After a while, typically both long and short-running queries will execute on that very same warehouse. Now take in mind the cost model. Snowflake bills by the second, though anytime a warehouse starts, it bills a minimum of one minute.

Let’s try to find a way to make sure that our queries run for a maximum of one minute.

Calculating the query length long tail

To have a first understanding of the query duration distribution per warehouse, we need to get to the data.

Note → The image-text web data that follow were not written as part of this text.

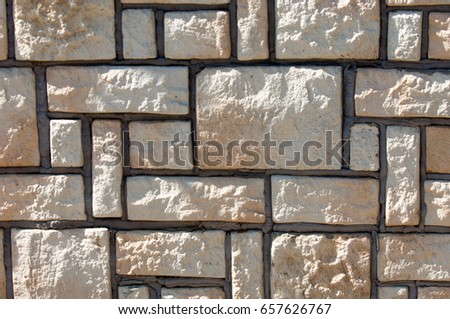 Texture, background, pattern. A wall made of natural sandstone. Wall of slate as texture background.marble texture decorative brick, wall tiles made of natural stone.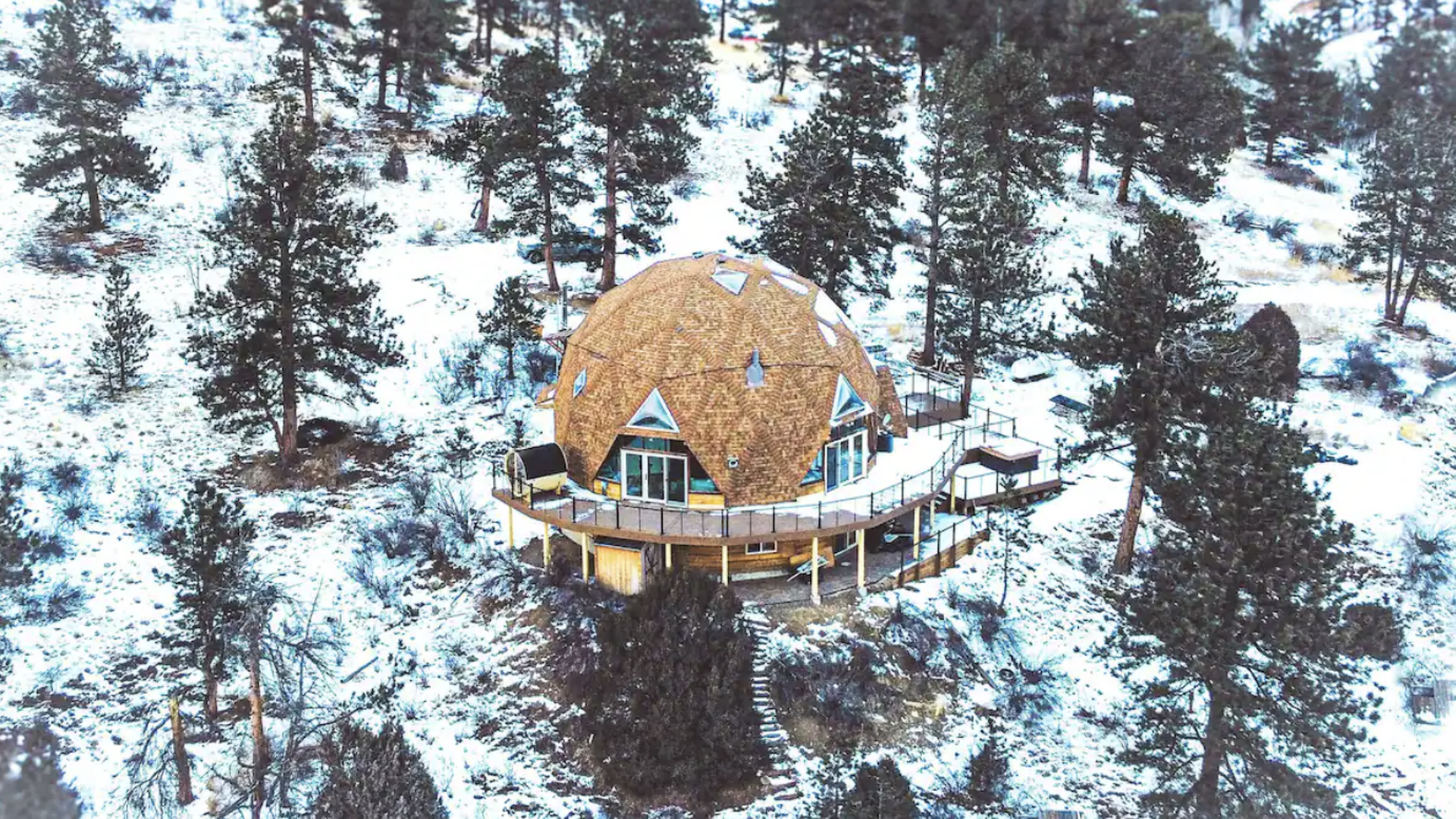 snowy mountainside with a dome structure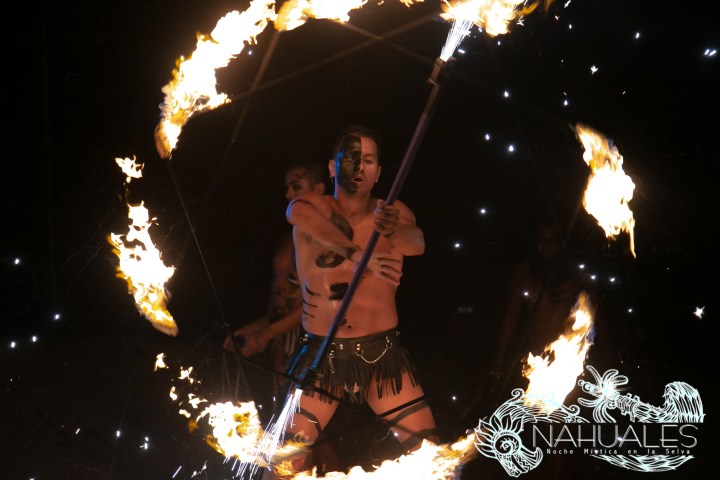 a man standing in front of a birthday cake with lit candles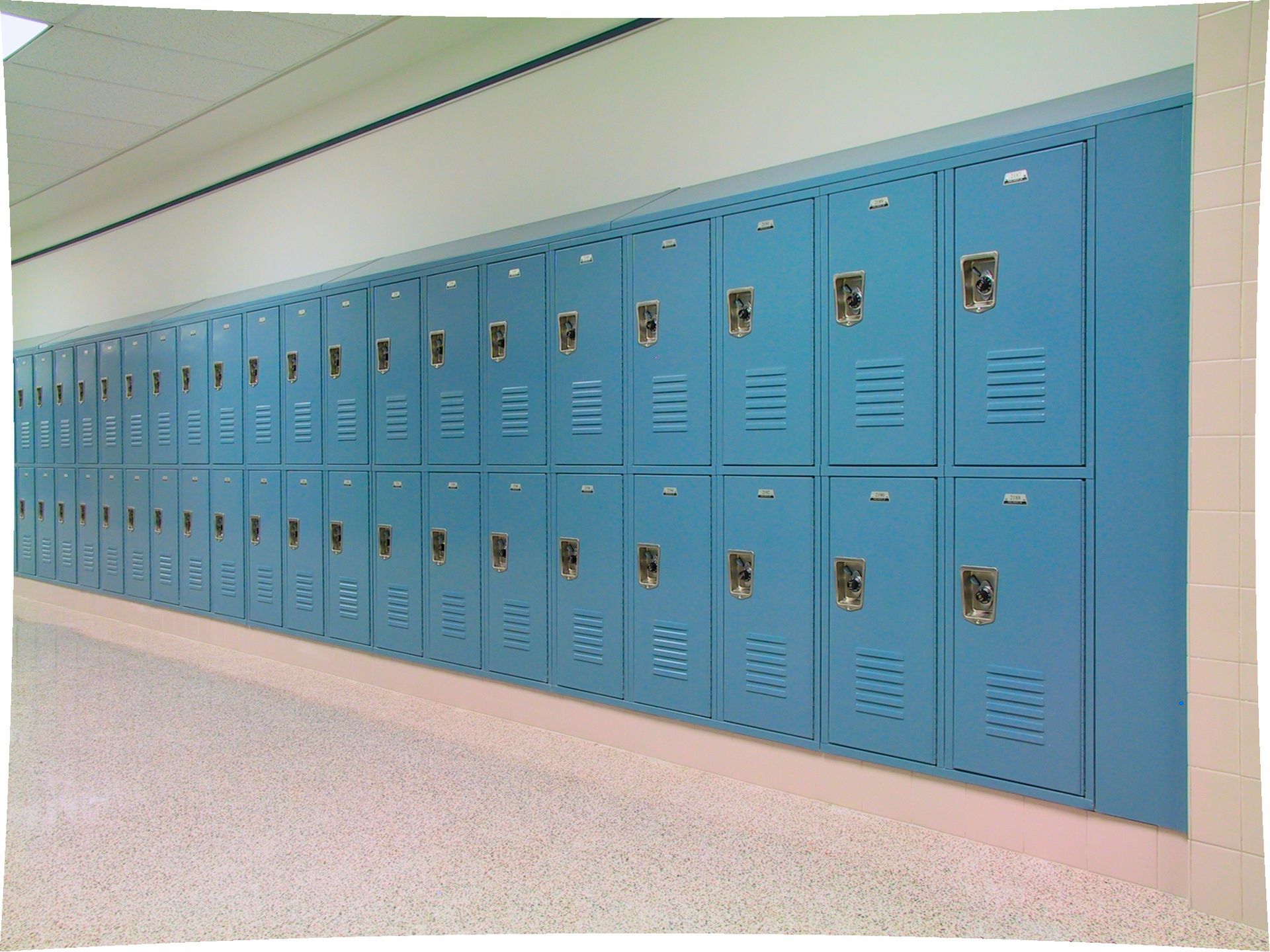 A row of blue lockers in a school hallway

In our demo setup, we have a warehouse in a place called LOAD. It is optimistically scaled as a medium warehouse and it consumes 4 credits an hour.

Historically, all of our workloads have been running on this LOAD warehouse, and our assumption is that we can split data loading workloads from transformation and analysis workloads. Let’s investigate this assumption and optimize our setup.

Snowflake exposes a number of statistics related to the inner workings of this warehouse through the shared SNOWFLAKE database. Find this information in the QUERY HISTORY table in the ACCOUNT USAGE schema.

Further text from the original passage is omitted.